* [What the task requires]
In the listing that follows, find the line with "Κοροναϊός : Πάνω", then copy exactly from it through the line with "B&uuml;cher: AURORA, 1 - Espanol/Castellano", leaving out every picture.

* [Given entries]
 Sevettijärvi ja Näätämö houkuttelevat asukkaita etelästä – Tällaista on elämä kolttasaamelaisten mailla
--
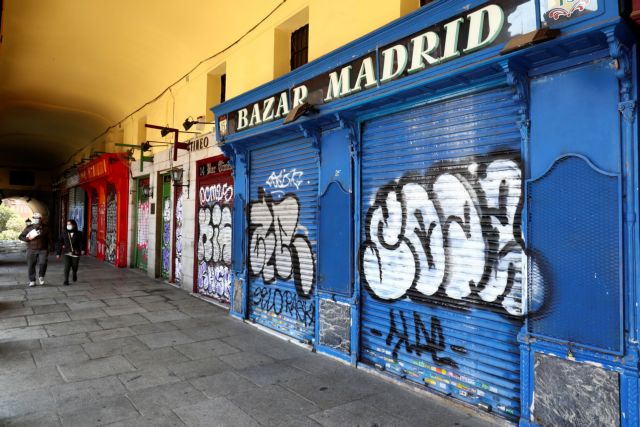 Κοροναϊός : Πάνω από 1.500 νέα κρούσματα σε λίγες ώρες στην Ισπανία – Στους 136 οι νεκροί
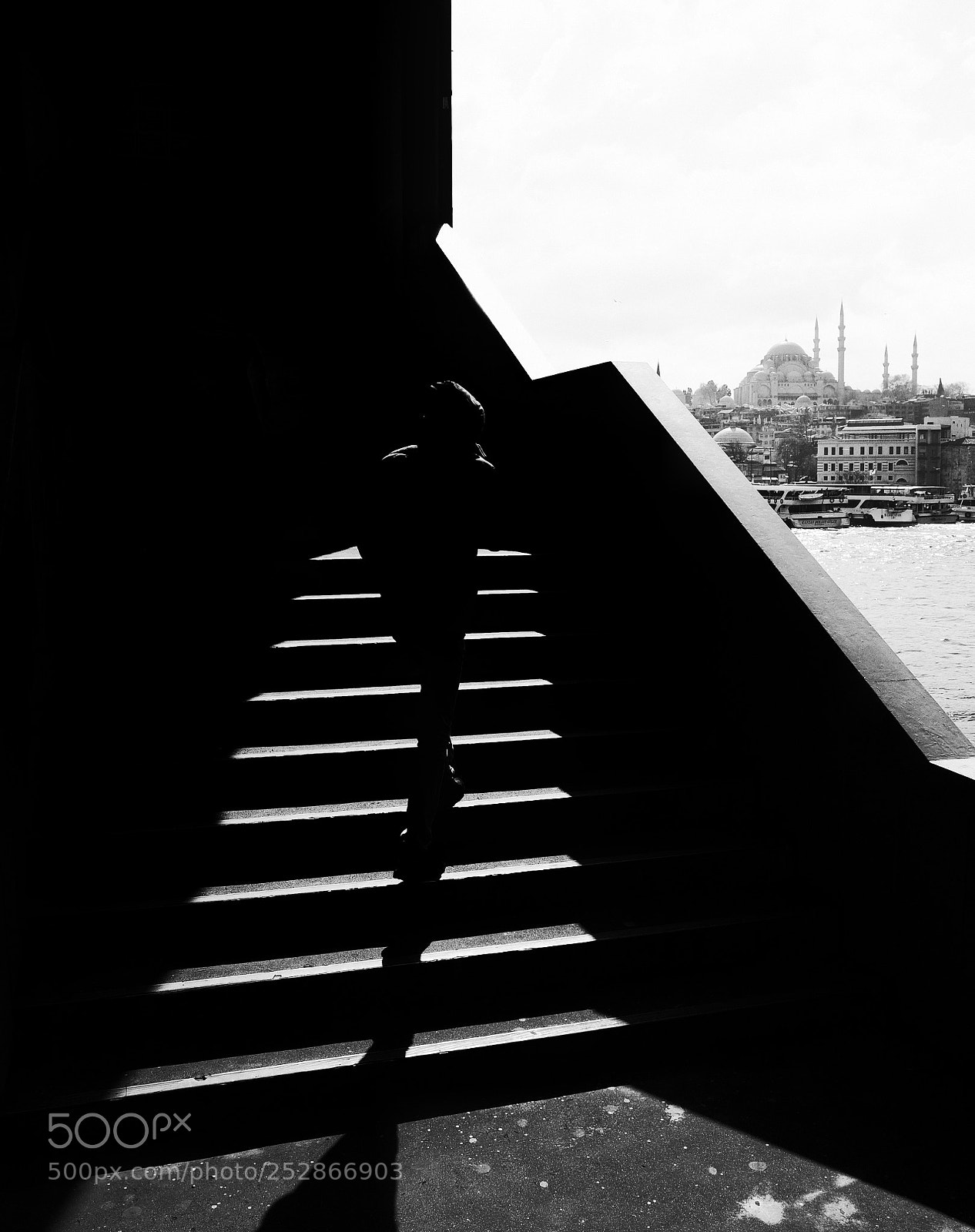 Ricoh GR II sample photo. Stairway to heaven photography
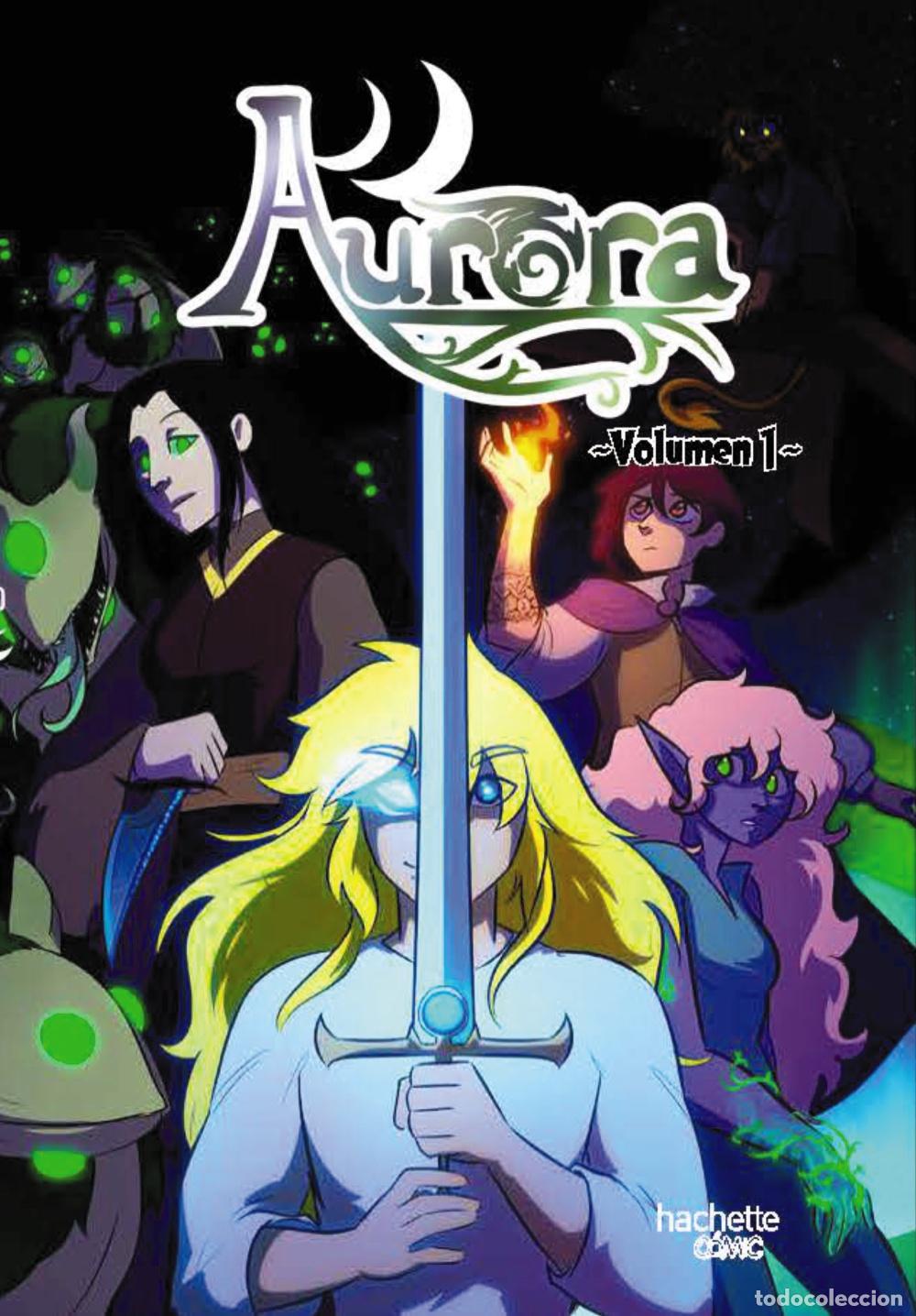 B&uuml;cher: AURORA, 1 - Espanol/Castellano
* * *
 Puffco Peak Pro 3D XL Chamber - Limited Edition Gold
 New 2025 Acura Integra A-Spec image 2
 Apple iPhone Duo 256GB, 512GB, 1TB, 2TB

* [Task response]
 Κοροναϊός : Πάνω από 1.500 νέα κρούσματα σε λίγες ώρες στην Ισπανία – Στους 136 οι νεκροί
 Ricoh GR II sample photo. Stairway to heaven photography
 B&uuml;cher: AURORA, 1 - Espanol/Castellano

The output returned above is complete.